Sunday, September 2, 2012

The joy of exercise

I've a column in today's Sunday Age, 'The joy of exercise, or why a life lived well means a body worked hard'.

I'm arguing that many public health campaigns miss a vital part of exercise: pleasure. The visceral joy of being a striving body.  A sample:
Clearly not everyone will run, punch or lift like an Olympian. Anyone witnessing my breathless, unco-ordinated bulk plodding up a hill will testify to this. And many have serious physical impairments stifling their efforts. 
But one need not be an elite athlete to enjoy the rewards of intense physical effort. One needs to replicate their outlook, not their achievements: a willingness to bother, when one might equally not.

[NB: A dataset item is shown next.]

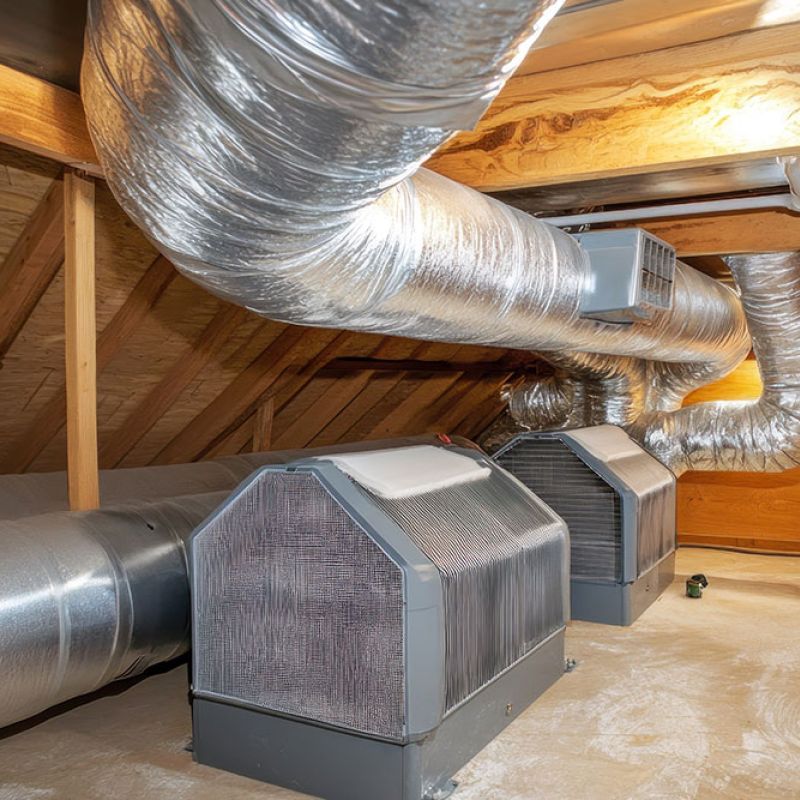 Commercial HVAC system in attic with aluminum ductwork and air conditioning units for efficient climate control.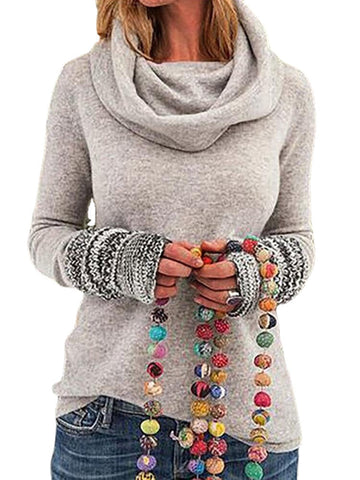 Women Solid Color Heap Collar Long Sleeve Casual Sweatshirt With Cuff Detail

The payoff is not merely endorphins, although it would be foolish to discount the biochemistry of exercise. 
The rewards are also existential: the satisfaction of seeing one's self-conception translated into flesh. It is the runner's easy breath, the boxer's weavings, the rower's rhythms. The heightened feeling of being alive in this body, the only one we have. 
As this suggests, the pleasure of fitness is partly tied up with mortality: awareness of bodily decay, and the impossibility of staving off death. One commits to fitness not to overcome eventual annihilation, but to make the most of one's physical inheritance before it is too late. 
In other words, part of the joy of bodily striving is pride: recognition that one has not wasted an opportunity. An unchallenged body is a squandered chance to transform the world.